How to handle sports teams and pop bands is a difficult area. For example, The Blue Jays is a baseball team. A singular noun. It is strictly correct to say "The Blue Jays is playing in Philadelphia on Sunday," but nobody in their right mind would say that. Even a grammarian would probably swallow his academic pride and say "The Blue Jays are playing in Philadelphia on Sunday."
The Rolling Stones is the name of a group. A singular noun. Would you say "The Rolling Stones is playing in Birmingham next week" or "The Rolling Stones is playing in Birmingham next week"?
I think you mean "moot point" not "mute point."
Moot means "Open to discussion or debate; debatable; doubtful: a moot point; of little or no practical value or meaning; purely academic."
Mute means "Silent; refraining from speech or utterance; not emitting or having sound of any kind."
"I also follow the 'British convention,' however, I don't usually quote needlessly within my quotes. This is solely for the 'pleasure' of our resident 'grammarians.'" :-* I thought that it is standard American English. It's what I learned in school...but then again, I did have to beg my English teachers for extra grammar lessons ( which I taught myself from a decrepit, fifty year old book), since grammer is not measured by standardized testing and obviously unimportant.
"It's a moo point. It's like a cow's opinion...it just doesn't matter."
Anyone else watch Friends reruns? No?
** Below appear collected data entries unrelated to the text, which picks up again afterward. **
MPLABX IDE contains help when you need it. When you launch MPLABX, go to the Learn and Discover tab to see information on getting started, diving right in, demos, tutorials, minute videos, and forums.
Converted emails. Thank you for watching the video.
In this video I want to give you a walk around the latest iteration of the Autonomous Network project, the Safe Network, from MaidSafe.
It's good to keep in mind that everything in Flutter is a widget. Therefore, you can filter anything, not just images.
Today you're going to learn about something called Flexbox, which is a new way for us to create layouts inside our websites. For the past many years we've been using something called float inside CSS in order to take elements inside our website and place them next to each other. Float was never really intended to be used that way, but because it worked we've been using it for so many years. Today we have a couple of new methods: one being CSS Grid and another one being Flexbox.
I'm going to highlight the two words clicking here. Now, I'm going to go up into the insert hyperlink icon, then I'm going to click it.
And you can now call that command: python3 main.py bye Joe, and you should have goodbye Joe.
Alright, then.
I can't recall who the news editor was who would respond to the question "Are there any news?" with "No, not a new".
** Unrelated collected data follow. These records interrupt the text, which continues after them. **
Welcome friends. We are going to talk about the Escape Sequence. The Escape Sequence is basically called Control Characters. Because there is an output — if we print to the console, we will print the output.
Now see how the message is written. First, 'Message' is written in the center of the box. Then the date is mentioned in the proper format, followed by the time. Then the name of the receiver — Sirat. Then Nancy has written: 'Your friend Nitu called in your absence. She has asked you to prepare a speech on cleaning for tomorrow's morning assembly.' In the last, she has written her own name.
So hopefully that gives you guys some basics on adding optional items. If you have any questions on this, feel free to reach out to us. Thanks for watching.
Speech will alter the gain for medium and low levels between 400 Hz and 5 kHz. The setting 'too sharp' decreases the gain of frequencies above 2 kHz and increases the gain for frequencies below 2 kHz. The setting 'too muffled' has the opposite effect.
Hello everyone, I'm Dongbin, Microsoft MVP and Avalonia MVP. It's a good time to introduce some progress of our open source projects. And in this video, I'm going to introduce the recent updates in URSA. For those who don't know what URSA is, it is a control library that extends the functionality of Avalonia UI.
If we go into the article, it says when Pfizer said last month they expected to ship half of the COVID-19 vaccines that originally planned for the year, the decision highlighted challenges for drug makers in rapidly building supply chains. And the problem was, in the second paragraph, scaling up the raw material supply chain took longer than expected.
I hate it when people use the word 'massive' to describe stuff that does not have mass. For example, "I have massive respect for those who died in war," or, "It'll be a massive shame to see this fall apart."
Oh, and also when people use apostrophes when pluralizing: car's, train's, etc.
Massive can mean large in scale, amount, or degree.
Your quite right. Its horrible when people miss out apostrophe's or add one's where they shouldnt be. Or mangle phrases. Some people could care less, but its like nail's down a blackboard to me!
(Wow - I almost drove myself mad just writing the mangled paragraph above. I'm going for a lie down in a darkened room to recover now)
And "I could care less," taken literally, means "I care more than I could," which is the opposite of what they probably intend.
The phrase "I could care less" gives me the twitches. That one definitely drives me crazy.
I agree Jewelz. Makes me cringe every time I hear it. I even heard it on NPR the other day. Aaagh!
Simply saying "I could care" (leaving it at that, implying that one doesn't) would be more accurate.